The energy shift is redrawing India’s economic map, but for coal belt workers in states like Jharkhand, the just transition is already collapsing under policy inaction
Even after three decades, the village of Manki in Jharkhand’s Chatra district still bears the marks of abandonment with its old houses and rusted electric poles. It was home to workers from a now-abandoned coal mine nearby. Today, the mine is buried under wild shrubs and red-flowering trees, with little evidence left of the 300-strong workforce it once employed.
Manki presages the future. Long before “just transition” became a global talking point, the village had already borne the brunt of its absence. Coal, though required for some more years to become a developed nation, will eventually decline as other forms of energy become cost efficient and have stable supply chains as India aspires to become net-zero by 2070. The economic imbalance between the states setting up green industries and coal-producing regions will exacerbate. As India’s economic geography changes, these regions risk being left behind without a clear transition roadmap.
The post-coal puzzle
Although coal currently powers 75% of India’s electricity, usage is expected to peak by 2040 and decline by 99% by 2060 to meet net zero goals, according to a CEEW study. This will impact a large portion of the population dependent on the coal economy. Jharkhand is the largest producer of coal in India, and employs close to 300,000 people directly in the coal sector — or 38% of India’s formal coal jobs.

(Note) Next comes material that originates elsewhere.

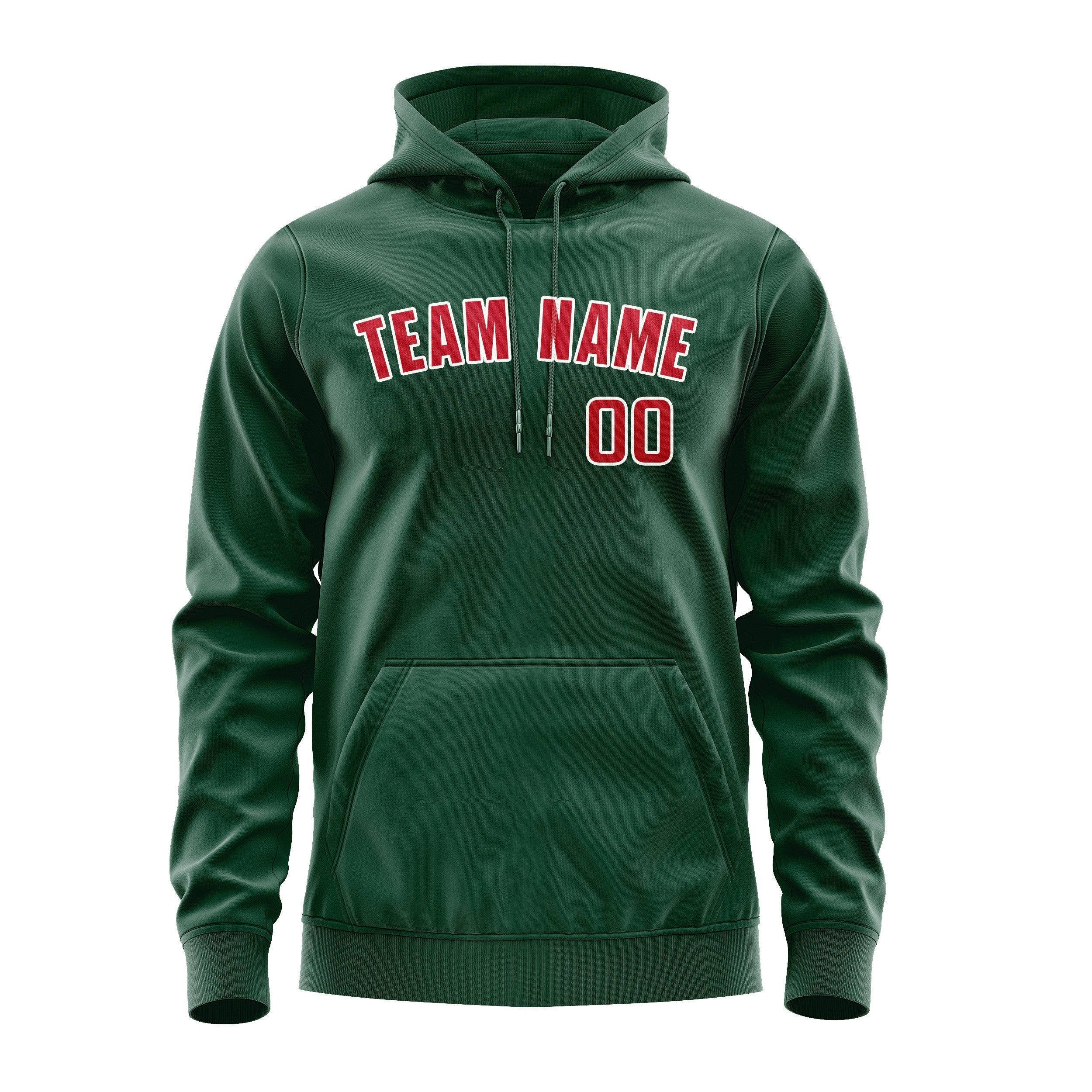 Sweat à capuche vert et rouge personnalisé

Another million are indirectly dependent on coal, according to a study by the Center for Strategic and International Studies. Theirs is the informal economy where locals dig and collect coal, transport it on bikes or cycles, and sell it in nearby towns. Also, markets come up near mining areas, providing livelihood opportunities for grocers, hawkers, etc. And then, there are those employed by other big industries in the state like steel, iron and cement manufacturing that require a lot of coal power.
According to AK Rastogi, the head of Jharkhand’s Just Transition Task Force set up in 2022, 18 out of the state’s 24 districts are directly dependent on coal.
Unlike in other states like Gujarat, Rajasthan and Tamil Nadu, there aren’t enough new green projects in Jharkhand that can replace coal work, as of now. In fact, the state scores quite low when it comes to readiness and performance of power ecosystems in terms of renewable energy deployment, according to a report by Ember.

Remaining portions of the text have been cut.